▶ [AIM OF THE EXERCISE]: Only certain lines below are wanted: those starting at the line containing "Marciume apicale su pomodori." and ending at the line containing "Argentinian Orbicular Jasper (59AA)", both included, each retyped exactly.
+ + +
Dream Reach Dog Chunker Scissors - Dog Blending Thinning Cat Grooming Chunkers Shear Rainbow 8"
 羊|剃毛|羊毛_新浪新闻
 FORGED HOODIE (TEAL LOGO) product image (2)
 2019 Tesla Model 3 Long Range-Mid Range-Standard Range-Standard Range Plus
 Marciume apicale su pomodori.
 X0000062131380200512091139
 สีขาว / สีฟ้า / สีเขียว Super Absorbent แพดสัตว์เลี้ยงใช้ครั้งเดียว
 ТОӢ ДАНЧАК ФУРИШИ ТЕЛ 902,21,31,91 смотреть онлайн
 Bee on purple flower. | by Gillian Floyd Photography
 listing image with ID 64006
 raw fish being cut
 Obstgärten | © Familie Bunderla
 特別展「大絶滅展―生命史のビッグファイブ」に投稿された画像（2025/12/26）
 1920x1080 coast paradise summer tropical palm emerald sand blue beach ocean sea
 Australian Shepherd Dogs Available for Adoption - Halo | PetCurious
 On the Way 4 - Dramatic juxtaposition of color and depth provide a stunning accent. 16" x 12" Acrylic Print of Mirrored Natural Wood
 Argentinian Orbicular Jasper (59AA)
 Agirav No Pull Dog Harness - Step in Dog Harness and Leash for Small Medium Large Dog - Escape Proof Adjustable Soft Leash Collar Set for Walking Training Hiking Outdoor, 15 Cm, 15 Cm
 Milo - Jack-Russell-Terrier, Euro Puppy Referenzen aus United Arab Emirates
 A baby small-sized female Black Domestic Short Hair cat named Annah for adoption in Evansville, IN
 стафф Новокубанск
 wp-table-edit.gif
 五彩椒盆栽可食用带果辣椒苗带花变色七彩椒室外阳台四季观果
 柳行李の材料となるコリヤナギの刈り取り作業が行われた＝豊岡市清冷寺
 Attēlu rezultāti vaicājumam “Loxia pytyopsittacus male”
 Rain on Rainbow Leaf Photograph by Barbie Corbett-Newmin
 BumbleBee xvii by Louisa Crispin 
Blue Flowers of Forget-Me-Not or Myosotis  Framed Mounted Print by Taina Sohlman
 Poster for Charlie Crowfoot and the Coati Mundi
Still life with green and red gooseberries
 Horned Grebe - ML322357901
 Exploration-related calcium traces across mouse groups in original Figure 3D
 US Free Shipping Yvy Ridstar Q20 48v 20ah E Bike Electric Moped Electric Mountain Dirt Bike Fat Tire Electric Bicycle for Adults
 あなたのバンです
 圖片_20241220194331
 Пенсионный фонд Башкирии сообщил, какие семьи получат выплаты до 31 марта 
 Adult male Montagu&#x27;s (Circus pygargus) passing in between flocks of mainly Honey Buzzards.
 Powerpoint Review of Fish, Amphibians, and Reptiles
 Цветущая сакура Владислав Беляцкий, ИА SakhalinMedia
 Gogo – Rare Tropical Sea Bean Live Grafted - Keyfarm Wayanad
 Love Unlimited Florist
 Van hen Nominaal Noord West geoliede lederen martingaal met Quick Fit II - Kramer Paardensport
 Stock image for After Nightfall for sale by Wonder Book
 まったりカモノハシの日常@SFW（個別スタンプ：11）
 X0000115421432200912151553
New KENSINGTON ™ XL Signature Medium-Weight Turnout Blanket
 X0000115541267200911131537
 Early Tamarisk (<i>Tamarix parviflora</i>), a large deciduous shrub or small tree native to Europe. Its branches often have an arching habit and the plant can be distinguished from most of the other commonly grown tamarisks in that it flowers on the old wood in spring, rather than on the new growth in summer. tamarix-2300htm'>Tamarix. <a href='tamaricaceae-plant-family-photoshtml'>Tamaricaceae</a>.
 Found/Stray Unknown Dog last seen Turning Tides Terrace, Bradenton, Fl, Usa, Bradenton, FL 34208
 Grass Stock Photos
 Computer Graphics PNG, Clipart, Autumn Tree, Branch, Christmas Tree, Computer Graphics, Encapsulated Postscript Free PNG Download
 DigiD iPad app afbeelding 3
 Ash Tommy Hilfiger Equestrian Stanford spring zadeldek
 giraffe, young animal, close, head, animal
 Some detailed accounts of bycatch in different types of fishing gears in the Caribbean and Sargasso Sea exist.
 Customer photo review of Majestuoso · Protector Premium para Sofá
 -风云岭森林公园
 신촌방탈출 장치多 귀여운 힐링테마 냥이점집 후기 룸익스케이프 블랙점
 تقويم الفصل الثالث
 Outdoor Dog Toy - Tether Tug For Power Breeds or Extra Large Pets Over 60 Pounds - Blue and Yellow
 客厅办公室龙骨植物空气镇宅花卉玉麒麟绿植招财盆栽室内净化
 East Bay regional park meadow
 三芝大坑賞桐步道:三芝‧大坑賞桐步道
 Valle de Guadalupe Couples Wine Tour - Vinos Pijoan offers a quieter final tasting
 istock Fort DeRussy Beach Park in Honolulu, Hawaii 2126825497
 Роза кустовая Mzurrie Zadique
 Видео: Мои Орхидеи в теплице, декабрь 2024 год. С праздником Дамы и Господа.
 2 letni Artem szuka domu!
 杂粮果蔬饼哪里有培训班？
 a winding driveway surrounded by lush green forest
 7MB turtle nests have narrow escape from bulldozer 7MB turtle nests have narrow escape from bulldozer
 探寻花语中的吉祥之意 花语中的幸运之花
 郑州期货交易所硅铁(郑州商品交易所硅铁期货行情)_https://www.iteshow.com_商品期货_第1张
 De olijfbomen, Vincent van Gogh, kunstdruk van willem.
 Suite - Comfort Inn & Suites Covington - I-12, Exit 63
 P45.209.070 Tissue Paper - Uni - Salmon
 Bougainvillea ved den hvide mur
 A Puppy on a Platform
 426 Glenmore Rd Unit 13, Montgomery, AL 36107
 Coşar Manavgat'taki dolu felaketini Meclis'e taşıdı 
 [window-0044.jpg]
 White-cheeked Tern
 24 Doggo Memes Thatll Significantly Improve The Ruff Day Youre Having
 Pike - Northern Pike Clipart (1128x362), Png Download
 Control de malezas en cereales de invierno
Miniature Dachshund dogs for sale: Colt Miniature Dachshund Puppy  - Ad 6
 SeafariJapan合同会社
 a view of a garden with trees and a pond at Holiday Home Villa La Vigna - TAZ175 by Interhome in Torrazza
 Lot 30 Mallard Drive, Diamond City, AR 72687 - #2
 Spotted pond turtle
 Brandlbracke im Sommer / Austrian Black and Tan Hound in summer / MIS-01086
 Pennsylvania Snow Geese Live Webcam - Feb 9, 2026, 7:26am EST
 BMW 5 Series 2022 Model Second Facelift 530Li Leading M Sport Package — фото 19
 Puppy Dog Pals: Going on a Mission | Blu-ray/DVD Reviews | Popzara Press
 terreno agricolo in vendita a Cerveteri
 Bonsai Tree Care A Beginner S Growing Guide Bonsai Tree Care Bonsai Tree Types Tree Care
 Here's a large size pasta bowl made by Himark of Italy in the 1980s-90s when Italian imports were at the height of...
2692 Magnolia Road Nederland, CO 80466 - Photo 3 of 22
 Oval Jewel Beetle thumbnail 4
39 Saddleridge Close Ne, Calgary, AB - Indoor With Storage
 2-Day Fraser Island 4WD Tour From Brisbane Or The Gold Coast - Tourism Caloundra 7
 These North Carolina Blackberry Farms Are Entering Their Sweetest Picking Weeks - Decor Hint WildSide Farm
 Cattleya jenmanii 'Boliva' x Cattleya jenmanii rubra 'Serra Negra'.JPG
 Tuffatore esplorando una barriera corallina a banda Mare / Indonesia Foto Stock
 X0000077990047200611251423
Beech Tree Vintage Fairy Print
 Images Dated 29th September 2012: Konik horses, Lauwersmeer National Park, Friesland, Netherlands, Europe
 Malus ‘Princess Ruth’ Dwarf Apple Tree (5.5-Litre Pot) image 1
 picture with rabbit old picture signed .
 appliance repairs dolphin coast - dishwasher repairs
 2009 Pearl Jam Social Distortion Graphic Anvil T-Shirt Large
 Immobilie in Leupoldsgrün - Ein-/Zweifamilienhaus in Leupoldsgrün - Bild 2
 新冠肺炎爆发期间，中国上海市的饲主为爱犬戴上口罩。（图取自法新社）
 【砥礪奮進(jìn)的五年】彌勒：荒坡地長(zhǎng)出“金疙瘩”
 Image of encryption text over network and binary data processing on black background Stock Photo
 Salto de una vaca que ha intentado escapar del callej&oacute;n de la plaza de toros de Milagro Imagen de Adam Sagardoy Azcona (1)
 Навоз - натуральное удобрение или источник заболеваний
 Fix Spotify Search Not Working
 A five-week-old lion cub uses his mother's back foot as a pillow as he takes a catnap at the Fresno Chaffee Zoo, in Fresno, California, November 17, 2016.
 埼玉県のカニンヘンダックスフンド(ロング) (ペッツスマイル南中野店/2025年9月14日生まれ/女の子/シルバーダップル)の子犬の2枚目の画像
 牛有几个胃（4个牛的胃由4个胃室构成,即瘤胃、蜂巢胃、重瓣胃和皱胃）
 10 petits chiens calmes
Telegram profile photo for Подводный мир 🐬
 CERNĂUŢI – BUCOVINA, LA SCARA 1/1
+ + +
▶ [ANSWER SPACE]:
 Marciume apicale su pomodori.
 X0000062131380200512091139
 สีขาว / สีฟ้า / สีเขียว Super Absorbent แพดสัตว์เลี้ยงใช้ครั้งเดียว
 ТОӢ ДАНЧАК ФУРИШИ ТЕЛ 902,21,31,91 смотреть онлайн
 Bee on purple flower. | by Gillian Floyd Photography
 listing image with ID 64006
 raw fish being cut
 Obstgärten | © Familie Bunderla
 特別展「大絶滅展―生命史のビッグファイブ」に投稿された画像（2025/12/26）
 1920x1080 coast paradise summer tropical palm emerald sand blue beach ocean sea
 Australian Shepherd Dogs Available for Adoption - Halo | PetCurious
 On the Way 4 - Dramatic juxtaposition of color and depth provide a stunning accent. 16" x 12" Acrylic Print of Mirrored Natural Wood
 Argentinian Orbicular Jasper (59AA)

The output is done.